Among those out is Amanda Rendle, the bank’s global head of marketing for commercial banking, global banking, and markets, a source told Business Insider. She had been with HSBC for 15 years.
Around half a dozen staff within the marketing department have been laid off in London and there’s the potential that more roles will be cut in the various teams within the group marketing division’s global offices as HSBC looks to cut costs, our source said.
HSBC’s chief marketing officer Chris Clark is not affected by the changes.
HSBC told Business Insider it does not comment on the status of its employees.
The global marketing department had only recently restructured to create a “strong global function” alongside its local teams in six markets, Rendle told Campaign Magazine back in September.
In June, HSBC said it would eliminate up to 50,000 jobs as part of plans to refocus on Asia and save up to $5 billion in annual costs by 2017. Banks are also often known to lay off staff at the year-end anyway in a bid to cut costs and breathe new life into their organisations the following year.
The bank has faced a number of perception challenges in recent months, including being hit with separate multi-million dollar fines over money laundering in its Swiss banking arm, mis-selling its consumer banking products, and for Libor rate-fixing.
Rendle told Marketing Magazine in July that through marketing, HSBC was looking to take the brand back to its 150-year-old roots: “I think from the banking crisis a lot of banking brands have had to go back and look at their purpose and look at what they are there for.
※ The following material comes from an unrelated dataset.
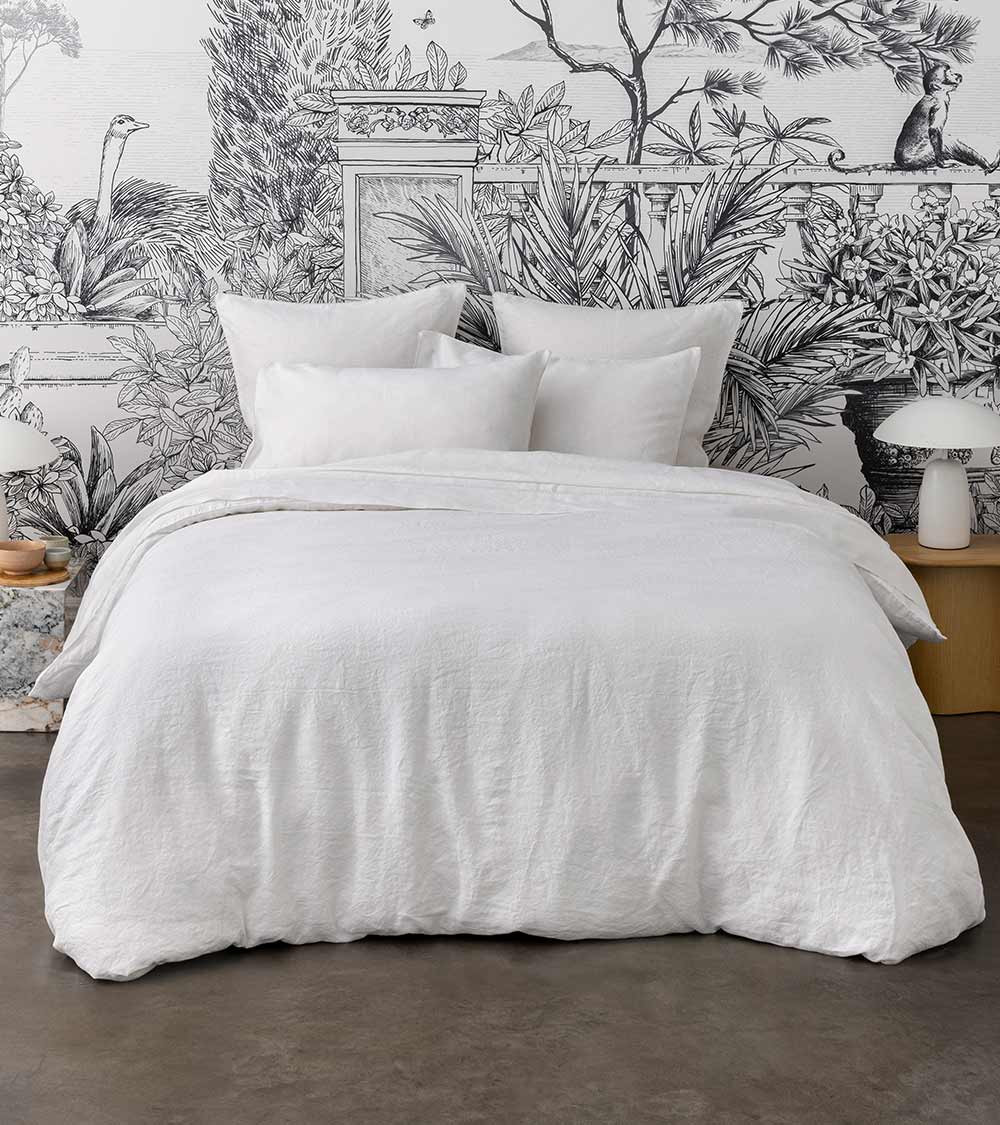 Taie d'oreiller en chanvre Jouvence Blanc, Origine France garantie, linge de lit naturel, Alexandre Turpault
They have to go back to customers and say ‘this is what we are here for and we’re going to re-orchestrate the business to be for the customer.'”
Here’s HSBC’s most recent TV ad released last month, created by London-based ad agency JWT, which is responsible for the bank’s brand advertising activity:
Last month HSBC announced its third quarter results, which saw it report a 32% pre-tax profit hike, partly because it is getting fined less. However, its revenues were hit by a slowdown in Chinese economic growth.
HSBC has been warning the market for the last six months that it is on the cusp of relocating its London headquarters, due to constantly changing regulations in the City — a move backed by some of its most prominent shareholders and one that will no likely see more disruption within the marketing division.